Creating TEntryList with multithreaded RDataFrame

Hello,

I was excited to read that RDataFrames constructed with TChains that have a TEntryList loaded should respect that entry list (although the old forum threads about this imply there may be some caveats here, which I will need to study in more detail). But what I wanted to check is if there’s a way to create the TEntryList in a multithreaded run?

The situation is I have data spread over many files, and am currently processing it with RDataFrame from a TChain. However, I frequently want to run again on the data but just plot something different and not change the event selection. What would be ideal would be when I do my first run over all the data I can build a TEntryList, save it somehow (to a file - its a lot of data so I would have imagined I’d need to utilise ROOT: TEntryListFromFile Class Reference for this as I worry the full TEntryList may be too big for memory) and then in subsequent runs I could process a chain with this entrylist.

But am I correct in thinking I cannot build a TEntryList in a multithreaded run because the entry number isn’t available reliably? I saw there is DefineSlotEntry method but assumed the entry number there is a thread-local entry number rather than the input data entry number (why isn’t it possible to get that global entry number in the thread?). So am I correct to think I’d have to do a single-thread processing to build the TEntryList with a custom Action (is there an example available of this?) and then I can process in parallel?

Just to add - since the data is spread over lots of files, and I was thinking I would need to use TEntryListFromFile, and hence have a separate TEntryList for each file of the chain, if there was a way to process multiple files with multithread but each thread takes care of a single file (no sharing file between threads) then I could build my entrylists that way, but I dont think that mode of event looping is supported is it?

Happy to hear otherwise and that what I want to do is possible after all?

Thanks!
Will

I think @eguiraud can help.

Hi @will_cern ,
sorry for the high latency, I was off last week.

That’s correct.

Yes. You might also use a simple Foreach instead of a custom action, e.g. df.Foreach([&elist](ULong64_t e) { elist.Enter(e); }, {"rdfentry_"}).

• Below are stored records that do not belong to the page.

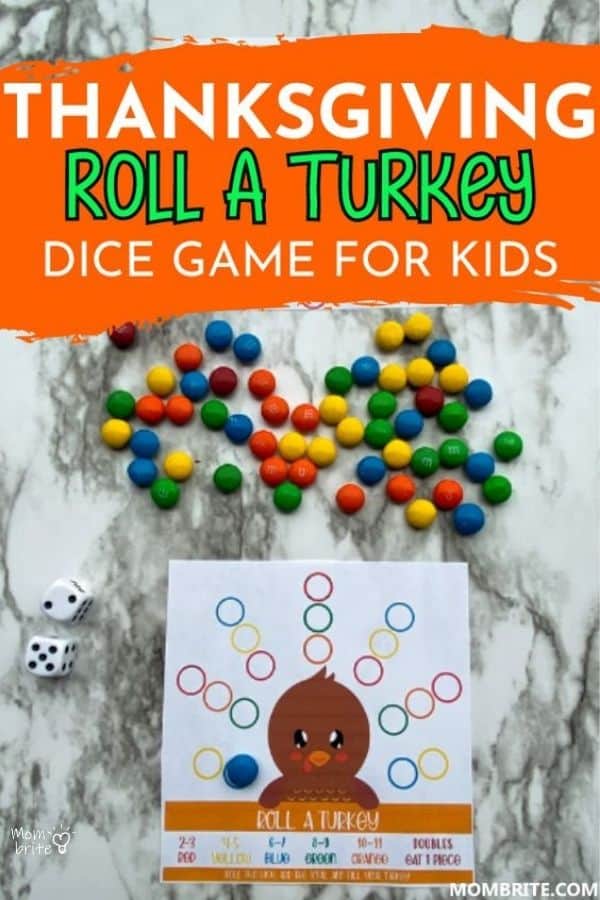 Thanksgiving Roll A Turkey Dice Game Pin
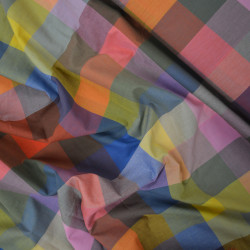 Coton aquarelle à carreaux - Bilberry - Calissone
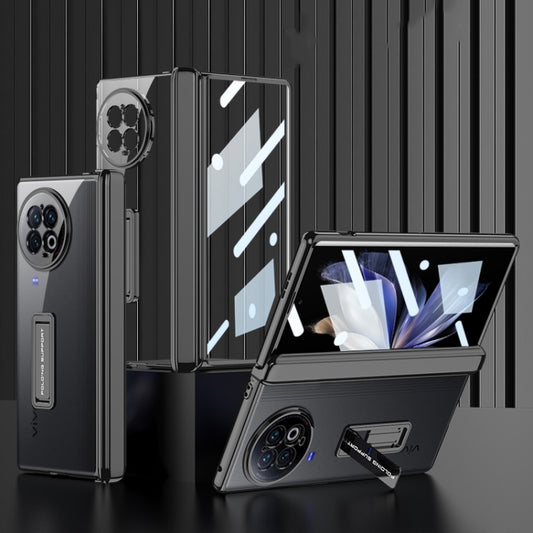 For vivo X Fold2 GKK Integrated Folding Hinge Phone Case with Holder(Black) - vivo Cases by GKK | Online Shopping South Africa | PMC Jewellery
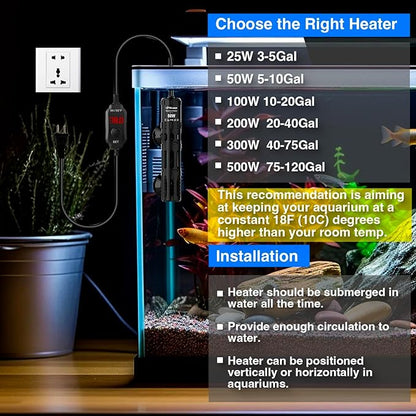 Aquarium Heater 50W, Submersible Fish Tank Heater with LED Digital Display, Auto Power-Off When Leaving Water & High Temp Protection, for Fresh and Salt Water Tanks 5-10 Gal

I am afraid that’s not supported. Building a proper TEntryList for multiple files from an RDF event loop is tricky, because it requires reacting to switches in the input tree. I’ll see if I can cook something up in the next days to get you started (probably not before Thursday, sorry).

Cheers,
Enrico

This topic was automatically closed 14 days after the last reply. New replies are no longer allowed.

Hi,
I have not forgotten about this, it turns out that we are missing a couple of ingredients to implement this properly (e.g. being able to access the local tree entry number from RDF and being able to enter entries in a TEntryList specifying the tree by name/path rather than by pointer), so I have to implement those first :slight_smile:

Thanks for the update. I think if you manage to make this work it could be a very nice feature as it will let me build and save event selections to entrylists so that I can rerun my processings in a much faster loop on subsequent runs, without having to restrict myself to single thread to build the initial entrylist

Sure! One piece of the puzzle is already in, work in progress :slight_smile: